The risks to financial stability in Estonia are small, as they were last year. The biggest risk in the coming half year is that a deterioration of the external environment could provoke a recession and damage the loan quality of the banks. Nordic real estate prices and credit levels have continued to grow relatively rapidly, increasing the funding and liquidity risks for the Nordic banks. Price rises for Estonian real estate have stabilised in the past half a year, but rising household incomes and very low interest rates mean that they may speed up again.

Growth picked up slightly in the euro area at the end of last year. Further growth in the euro-area economy is getting support from low commodities prices, monetary policy measures taken by the European Central Bank, and a depreciation of the euro. However, faster growth is facing obstacles in some euro-area countries in the form of high debt levels and long-term unemployment problems. Uncertainty surrounds the sustainability of Greek government finances and geopolitical tensions. At the same time an expansionary monetary policy could lead to the risk of asset prices starting to rise too quickly.
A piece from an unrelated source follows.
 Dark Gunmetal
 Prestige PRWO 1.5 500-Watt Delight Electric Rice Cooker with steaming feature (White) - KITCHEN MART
Despite the uncertainty in the surrounding economic environment, the Estonian economy grew by 2.1% last year. If the external environment starts to improve, then economic growth should speed up somewhat. Although the financial results of companies in some sectors have been slightly worse, partly because of the reduction in exports to Russia, most of those companies have managed to cope with lower incomes. The capacity of households to consume and to save has been supported by rapid wage growth and low inflation. The strong financial position of Estonian companies and households means that loan quality for the banks is good and it has continued to improve. Their high levels of equity and profitability make banks able to bear losses even if the economy develops in a negative direction.
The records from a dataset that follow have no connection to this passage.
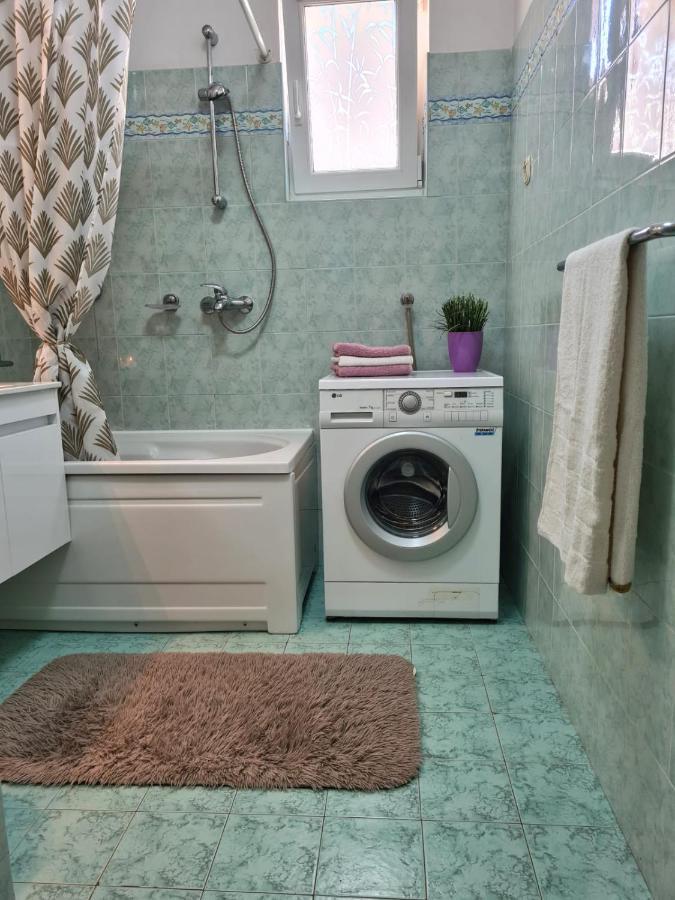 Apartman Adriatic 자다르 외부 사진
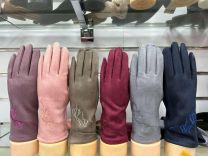 Rękawiczki damskie(Uniwersalny/12P)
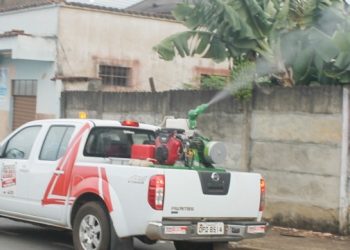 CRONOGRAMA CARRO FUMACÊ UBV PESADO – 12 A 14 DE MAIO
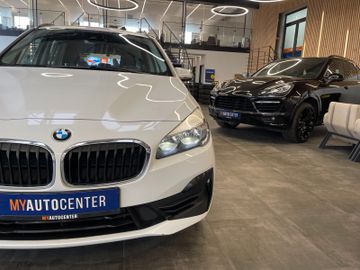BMW 216 d  Gran Tourer  *1.HAND*PDC*NAVI*TEMPOMAT*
The biggest banks operating in Estonia are closely linked to their Swedish parents through liquidity management, as liquidity is managed at group level and a large part of the liquidity buffers of banks in Estonia are held by the parent banks. The share of funds borrowed from parent banks has been notably smaller in recent years than it was during the years of rapid economic growth, but such funds still account for around half of liabilities at some banks. Continuing relatively rapid growth in Nordic mortgages and real estate prices could pose some risk to the banks in Estonia. A negative turn in the Nordic economies could increase the loan losses of the banking groups and reduce their funding options. The Nordic central banks and supervisory authorities have taken measures to reduce the build-up of risks and to increase the resilience of the banks, but their impact on credit growth and rising real estate prices has been limited so far.
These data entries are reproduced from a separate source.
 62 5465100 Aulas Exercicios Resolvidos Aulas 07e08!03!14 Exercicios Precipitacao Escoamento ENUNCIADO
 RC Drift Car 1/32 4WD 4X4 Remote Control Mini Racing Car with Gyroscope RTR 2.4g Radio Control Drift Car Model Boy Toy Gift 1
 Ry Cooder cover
After rising rapidly at the start of 2014, real estate prices have started to stabilise. Although the rise in prices for residential property has been faster than the rise in incomes in recent years, real estate prices are mostly in line with household income levels and the growth in mortgages has remained moderate. Rising incomes and low interest rates have permitted real estate purchases and increases in debt, but excessively fast growth in indebtedness could increase the risks for both borrowers and lenders. The requirements for issuing mortgages that Eesti Pank introduced in March have helped reduce the risks associated with excessively fast growth in mortgages.

The rise in real estate prices has allowed developers to increase construction. Though construction volumes are substantially smaller than during the years of rapid economic growth, developers may face increasing repayment risk if a large amount of new space comes into the market all at once. Banks have been granting more new loans to real estate development companies, but the share of such loans in the total portfolio has not changed much. To avoid an excessive build-up of risks, it is important that both borrowers and lenders continue to take a conservative approach to assessing the risks of real estate investment and of credit.